Señor, dice la samaritana, dame de esa agua, así no tendré más sed.
¡Qué atrevida eres, mujer!
Yo también tengo sed de felicidad, sed de plenitud, sed de amor, sed de
libertad. Hasta ahora he venido todos los días a calmar mi sed valiéndome de
mis fuerzas, con mi pequeño cubo, en la fuente de mi vida: del pozo de mi cuerpo,
mi mente, mi sensibilidad, mi afecto…. Del surtidor de mis amigos, mi esposa o
mi esposo, mis hijos… Del manantial de mis actos, mi profesión, mis
diversiones… Y aquí sigo, Señor, un día y otro, bebiendo una ilusión y otra,
agotando esperanzas, esperando un agua viva que me reviva y transforme
radicalmente.
¡Y no será, Señor, que todas mis ansias insatisfechas no pueden colmarse
más que en ti!
Me da miedo, Señor, depender de ti, prefiero aferrarme a mi pobre cubo y
a mis pasos gastados hasta el pozo, quiero saberme dueño de mí mismo, aunque
sea a costa de domesticar mi sed irreprimible de absoluto y plenitud. ¡Cuánto
me cuesta renunciar a valerme por mí mismo, a bastarme yo solo!

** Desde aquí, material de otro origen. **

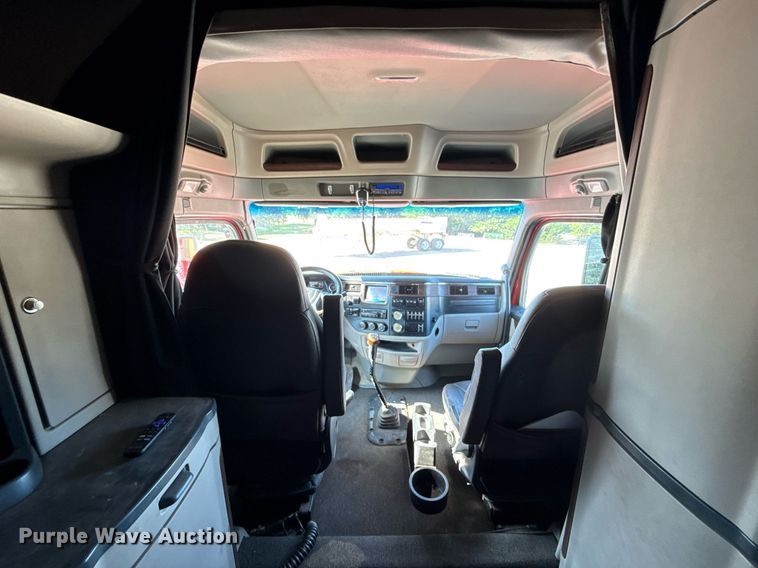 image for item DT6708 2020 Peterbilt 567 semi truck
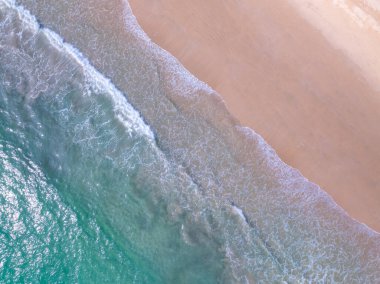 Okyanus suyuna çarpan dalgaların hava manzaralı arka planı, kuş bakışı fotoğraftaki deniz dalgalarının drone görüntüsü, sahil deniz arka planı.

Pero, hoy, tal vez sea distinto. Me ha parecido, Señor, escucharte algo
insólito: ¿Dame de beber, me has dicho? ¿Qué oigo? ¡Pero si tú
eres la fuente de agua viva, que salta hasta la vida eterna!

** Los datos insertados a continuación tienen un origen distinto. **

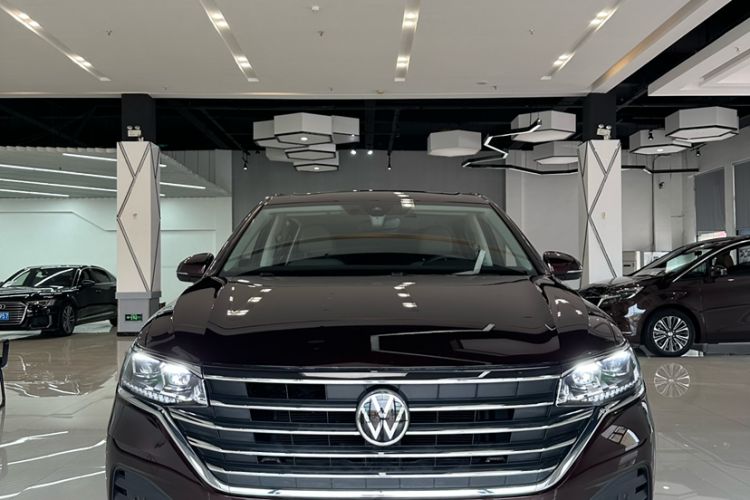 Used Volkswagen Viloran 2022 380TSI Luxury Edition Exterior 5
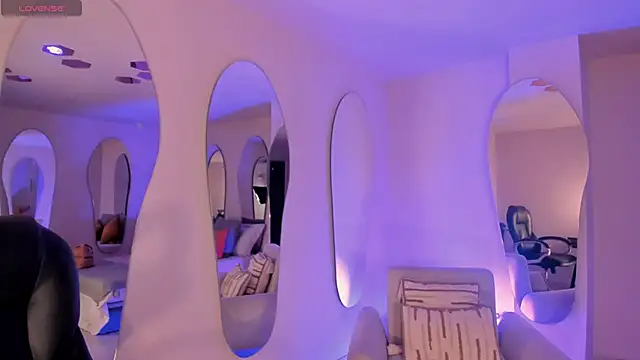 AyshelBrown online show from 10-17-25, 04:37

Ahora empiezo a entender, Señor, a qué has venido a mi mundo: resulta que tú también eres un sediento como yo. Creo que podremos entendernos, pues parece que todo se resume en un intercambio: Toma mi sed, Señor, sáciate con ella; toma mi libertad, Señor, anúdate con ella; toma mi amor, Señor, abrázate con él; toma a los míos, Señor, acógelos y cuídalos tú. Que yo también te acojo a ti, Señor, y quiero que me sumerjas en tu fuente eterna de agua viva para que sienta qué bien se está contigo, qué suave y dulce eres, mi Señor, y pueda por siempre apagar mi sed de amor en ti.